Delicious, healthy carrot cake baked oatmeal cups with raisins, pecans and shredded coconut. These easy carrot cake baked oatmeal cups are naturally sweetened with a touch of maple syrup and topped with a light cream cheese glaze. A wonderful on-the-go or meal prep breakfast for your week!

Ingredients
Wet ingredients:

  • 1 cup shredded carrots (2 medium carrots)
  • 2/3 cup unsweetened applesauce
  • 2 eggs, at room temperature
  • 1 cup unsweetened almond milk or coconut milk
  • ¼ cup pure maple syrup
  • 1 tablespoon melted and cooled coconut oil
Carrot Cake Baked Oatmeal Cups


Dry ingredients:

  • 2 cups old fashioned rolled oats, gluten free if desired
  • 1 teaspoon baking powder
  • 1 ½ teaspoons cinnamon
  • ¼ teaspoon salt
  • ½ cup unsweetened shredded coconut
  • ½ cup raisins
  • ⅓ cup chopped pecans

For the cream cheese glaze:

  • 2 tablespoons cream cheese, softened
  • 2 tablespoons powdered sugar
  • ½ teaspoon vanilla extract
  • 1-2 teaspoons unsweetened almond milk or coconut milk, to thin

Instructions

  1. Preheat oven to 350 degrees F. Line a 12 cup muffin pan with muffin liners and spray with nonstick cooking spray to prevent oatmeal cups from sticking.
  2. In a medium bowl, mix together the shredded carrots, applesauce, eggs, almond milk, maple syrup and coconut oil until smooth and well combined.
  3. Next stir in dry ingredients: oats, baking powder, cinnamon and salt; stir well to combine.
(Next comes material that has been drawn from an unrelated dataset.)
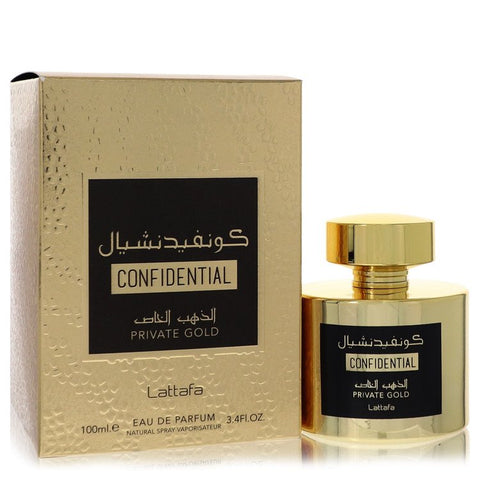 Lattafa Confidential Private Gold Cologne By Lattafa Eau De Parfum Spray (Unisex) for Cologne for Men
Fold in shredded coconut, chopped pecans and raisins.
  4. Evenly distribute oatmeal batter between muffin liners and bake for 25-30 minutes or until oatmeal cups are set.
  5. To make the cream cheese glaze: in a small bowl, mix together the cream cheese, powdered sugar, vanilla extract and almond milk. Drizzle or pipe over the oatmeal cups. Makes 12 oatmeal cups.